The big downside to lime plaster is the time it takes to cure, and what that does for timelines and labor costs. It usually requires multiple thin coats (with a week or more between =3/8 inch coats - need time for CO2 to reabsorb as carbonic acid which also requires the material be damp, but not covered in water) which blows up the labor costs.
https://johnspeweik.com/2011/10/27/the-lime-cycle/
The upside to using lime plaster is there's a wealth of historical information on what to do with it... much of the "bling" of the pre-1800's architecture can be traced to the use of lime or limestone.
E.g. the Moroccan process of Tadelakt - https://en.wikipedia.org/wiki/Tadelakt
Venetian plaster - https://www.architecturaldigest.com/story/venetian-plaster-trend-guide
the real at&t mix
Sorry, forgot the link:
https://phys.org/news/2012-04-...
"Concrete is as good as stone, and you see how long ancient Greek, Roman, and Egyptian stone structures have stood. "
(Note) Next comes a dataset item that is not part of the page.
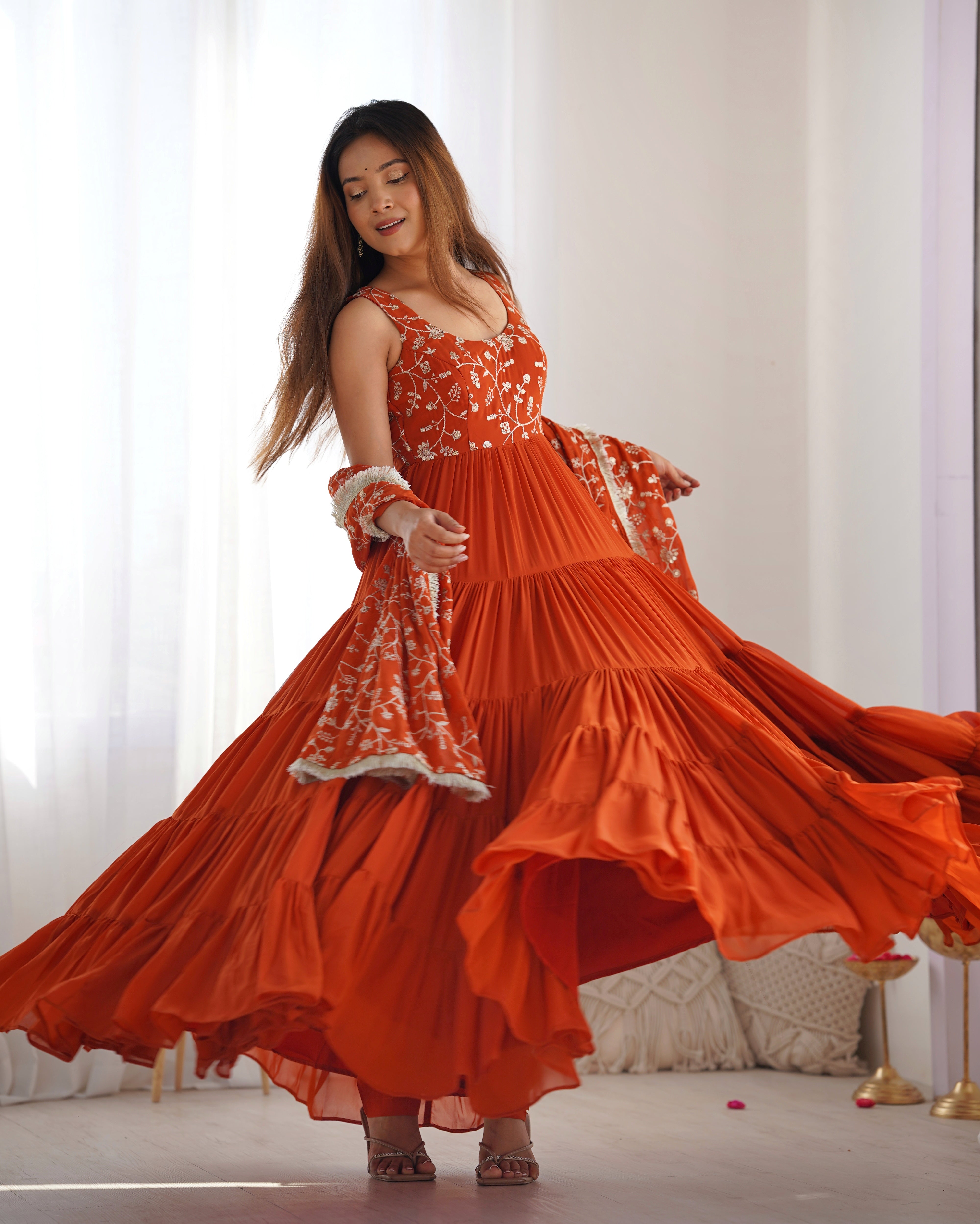 Orange Color 12.5 Meter Plus Fully Flair Anarkali Gown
The Romans built almost everything with concrete, also the 'stone' structures you mean. The stone was usually only a thin outer shell to contain the poured concrete.
Also their concrete was (and is) much more resilient, it didn't crack as easily as our Portland variant. Portland cement wouldn't last for millennia, it sometimes doesn't take decades to make it fail.
"Recently, it has been found that it materially differs in several ways from modern concrete which is based on Portland cement. Roman concrete is durable due to its incorporation of volcanic ash, which prevents cracks from spreading."
https://en.wikipedia.org/wiki/...
Even worse:
each year approximately three tons of concrete are used for every person on Earth -- roughly, 22 billion tons.
Every year we are adding 22 Billion tons to the weight of the earth. Sooner or later, that's going to start having an effect.